Обычай не дозволял в старину русским боярам входить в подряды и откупа, ни в какие торговые дела, а еще менее отдавать в наймы палаты свои по частям или в целости. Как бы долго ни продолжалось их отсутствие, жилища их должны были без них вдовствовать и в безмолвии ожидать их возвращения, как дворцы царские. Друзья и родственники имели часто, однако же, право без платы и даже без позволения в них останавливаться. Барыши, золото, одно золото оставлено было людям средних состояний взамен блестящих преимуществ, коими пользовались одни только знаменитые роды. Заслуги, щедроты монархов и бережливость могли только умножать достояние бояр. Почтенному сему предрассудку следовали еще более на Западе, пока герцог Орлеанский не обратил жилища своего в базар и под именем Королевского Дворца не стали разуметь средоточия парижской торговли. Чтобы разбогатеть, князья и графы теперь у нас, даже самые богатые, употребляют одинаковые средства с мещанами, строят пивоварни, торгуют в кабаках и всё-таки пред последними кичатся своими громкими именами; возможно ли, чтоб их уважали? Поклонение златому тельцу равняет все состояния. Не так было при Павле, лет сорок тому назад. У графа Салтыкова было в Москве три дома; в одном, на Дмитровке, жила дочь его, г-жа Мятлева с семейством; другой, загородный, служил ему для прогулок, а третий, маленький каменный у Тверских ворот, подле церкви Димитрия Селунского, стоял совсем пустой. При новой должности Алексеева не было положено казенной квартиры; желая избавить его от убытков наемной, графиня Салтыкова, которой принадлежал собственно последний из сих домов, предложила ему поместиться в нём, и мы переехали в него около половины ноября.

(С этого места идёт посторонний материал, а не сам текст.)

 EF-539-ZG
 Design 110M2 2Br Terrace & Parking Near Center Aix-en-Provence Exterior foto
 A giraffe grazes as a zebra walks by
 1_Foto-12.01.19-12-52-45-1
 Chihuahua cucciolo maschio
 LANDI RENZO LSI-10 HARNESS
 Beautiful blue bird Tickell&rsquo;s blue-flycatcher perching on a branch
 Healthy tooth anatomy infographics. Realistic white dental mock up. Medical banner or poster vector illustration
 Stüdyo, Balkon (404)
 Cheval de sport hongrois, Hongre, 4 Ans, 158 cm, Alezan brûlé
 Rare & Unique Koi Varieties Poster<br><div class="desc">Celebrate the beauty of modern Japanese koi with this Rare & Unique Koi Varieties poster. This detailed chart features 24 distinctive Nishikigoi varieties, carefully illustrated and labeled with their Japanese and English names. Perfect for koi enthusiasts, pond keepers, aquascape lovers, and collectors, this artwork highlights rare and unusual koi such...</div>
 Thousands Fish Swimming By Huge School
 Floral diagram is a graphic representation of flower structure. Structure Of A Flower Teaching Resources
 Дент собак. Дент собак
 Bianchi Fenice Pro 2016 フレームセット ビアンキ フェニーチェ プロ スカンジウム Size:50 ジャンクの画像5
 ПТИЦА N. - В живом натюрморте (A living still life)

Я тогда вблизи увидел полицейскую жизнь и чиновников полиции. В Москве в то время, когда не было столько роскоши, столько потребностей и следственно такой жадности к прибыли, полицейские чиновники, обеспеченные доходами, которые почитались почти законными, не прибегали к ужасным, притеснительным средствам, чтоб у бедных обывателей выжимать деньги. Частные пристава жили роскошнее полицеймейстеров, и никто не ставил им этого в вину. То что называется ныне красть, называлось тогда брать и было действительно более добровольным даром, чем грабежом. От лиц, как слышал я, они ничего не принимали; а только общества торговцев, мастеровых, в их части живущих, делали между собою умеренные складки и по большим праздникам подносили им в виде почтительных приношений. Почитая себя некоторым образом честными людьми, они с успокоенною совестью могли беспристрастно исполнять свои обязанности; общее же мнение в Москве никогда их не клеймило, и бедные дворяне, армейские офицеры, с честью служившие, могли без стыда принимать полицейские должности.